For the full year 2012, we reported GAAP earnings of $0.60 per basic share and core earnings for share of $2.96. Fleet delivered 16% growth in segment profit and the high demand for mortgages throughout 2012 and enabled us to achieve approximately 56 billion in total mortgage closings.

We achieved these results despite $251 million in mortgage quality related cost, a significant portion of which were repurchased in foreclosure related charged and $29 million in time charges that Rob will describe shortly.

As I look back on 2012, we spent the year focusing on the execution of our four strategic priorities and I’m proud of the progress we’ve made. In 2012, we delivered disciplined growth in our franchised platforms.

Retail applications were up 36% and retail closings were up 28%. We were awarded the HSBC private label program which includes approximately $50 billion in subservicing UPB.

Fleet delivered 3% growth in leased net investment as well as growth in average service units and we successfully negotiated price changes in certain key client relationships to offset increased cost so, we can continue to invest in these relationships for the long term. In some cases we took the tough actions necessary to separate client relationships with lower profitability.

We delivered on operational excellence. We made defect reduction our priority in mortgage and Fleet. In particular in 2012, we reduced our Fannie Mae new originations defect rate by approximately 80% and reduced our defect rate for critical processes in Fleet by more than 30%.

We delivered our commitment to customer service. Customer satisfaction scores increased by as much as 10 points for certain key clients in mortgage and as much as 13 points in Fleet and Fleet also won seven awards recognizing our leadership and innovation, and customer service.

And we delivered on generating liquidity and cash flow and deleveraging. We entered 2013 with $829 million in cash, up $415 million from year-end 2011 and with a $183 million left of unsecure debt.

We improved our unencumbered asset ratio from 2.3 times at the beginning of the year to 2.8 times at year end, approaching our goal of three times or better. And we demonstrated access to multiple debt capital markets. We put in place multiyear revolving credit facilities, renewed or extended more than $6 billion of mortgage related funding arrangements, issued $1.2 billion in fleet term ABS debt and renewed $2.3 billion in fleet lease conduit financing facilities.

We paid off our 2012 and 2013 unsecured debt maturities in 2012 and our next unsecured debt maturity is not until September of 2014 when we have $250 million in aggregate principle amount of convertible debt maturating.

Our solid operating performance reflects our commitment to our four key strategies and we believe the continued implementation of these strategies while maximize value for shareholders by positioning us for growth and making us more competitive, more profitable, and more capital efficient company.

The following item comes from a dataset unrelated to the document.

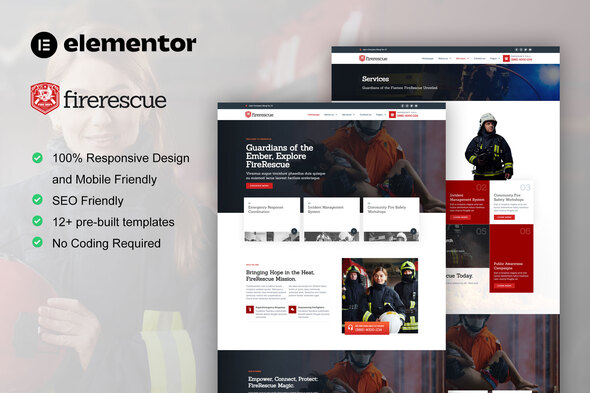 FireRescue - FireFighter & Fire Department Elementor Template Kit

Now I would like to turn the call over to Rob to discuss our results, after which I'll discuss our outlook for 2013.

Robert Crowl

Thanks Glen. On a GAAP basis net income attributable to PHH Corporation for the fourth quarter 2012 was $58 million, or $1 per basic share, which included a $29 million positive mark-to-market adjustment on MSR asset, partially offset by $10 million in MSR hedge losses. Core earnings, which excludes the net MSR mark were $46 million on an after tax basis or $0.81 per share.

For the full year 2012, on a GAAP basis net income attributable to PHH Corporation was $34 million or $0.60 per basic share, which included a $223 million negative mark-to-market adjustment on our MSR assets, primarily from elevated pre-payment rates as interest rates declined throughout the year, and $5 million on MSR hedge losses. Core earnings were $168 million on an after tax basis or $2.96 per share.

Core earnings per share would have grown 30% in 2012 as compared to 2011 if you adjust for $0.31 per share in losses in 2012 related to debt prepayment and mortgage reinsurance termination costs, as well as a $0.72 per share gain in 2011 related to the sale of our interest and our appraisal services business.

Core earning pretax for the combined mortgage production and servicing segments was $45 million in the fourth quarter, down from $59 million in the previous quarter. Production segment was down $23 million, due primarily to lower gain on mortgage loans and increased investments in compliance and quality related initiatives.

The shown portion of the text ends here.